Choosing the Right Rate Schedule
California IOUs offer multiple TOU schedules, and the default schedule assigned to your building is not always the cheapest option. Each utility allows commercial customers to request a rate analysis to compare their current schedule against alternatives. PG&E, for example, offers B-19 and B-20 schedules with different demand charge and energy charge structures that may be more favorable depending on your building's load profile.
The optimal schedule depends on your building's ratio of energy consumption to peak demand, known as the load factor. Buildings with high load factors (steady consumption throughout the day) tend to benefit from schedules with lower energy charges and higher demand charges. Buildings with low load factors (spiky demand with lower average consumption) do better on schedules that minimize demand charges even if energy rates are slightly higher.

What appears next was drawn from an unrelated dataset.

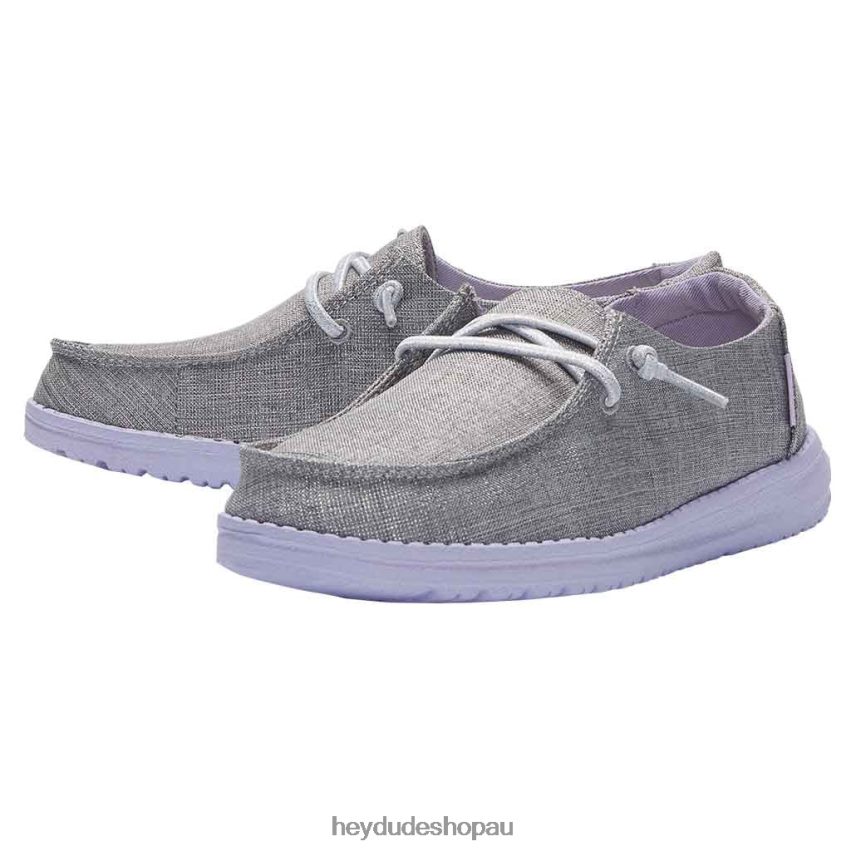 Hey Dude Wendy Youth Sparkling Grey Lilac Kids V4Z64193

Request a rate comparison analysis from your utility at least once per year. Load profiles change as buildings add EV chargers, install solar, upgrade HVAC systems, or change occupancy patterns. A schedule that was optimal two years ago may no longer be the best fit. The analysis is free, and the savings from switching to a more favorable schedule can be immediate, often saving 3 to 8 percent on total electricity costs with no operational changes required.
Portfolio-Level TOU Optimization
Managing TOU optimization across a portfolio of California buildings requires a systematic approach. Each building has a different rate schedule, different load profile, and different optimization potential. The most effective portfolio managers rank their buildings by peak-period spending and focus optimization efforts on the highest-impact sites first.
Start by pulling 12 months of interval data for every building and calculating the percentage of total consumption that falls during peak hours. Buildings above 40 percent peak consumption are your immediate targets. Next, identify which loads in those buildings are shiftable. HVAC pre-cooling is almost always the first lever to pull because it requires no capital investment, only a BMS programming change.
For buildings where operational changes alone are insufficient, evaluate battery storage, solar-plus-storage, and demand response enrollment as complementary strategies. California's Self-Generation Incentive Program still offers meaningful rebates for battery installations at commercial properties, and the combination of TOU arbitrage, demand charge reduction, and demand response revenue can make the economics compelling even for buildings with shorter remaining lease terms.
A 200,000 square foot office building in PG&E territory that shifts just 15 percent of its peak consumption to off-peak hours can save $18,000 to $25,000 per year in energy charges alone, before accounting for demand charge reductions.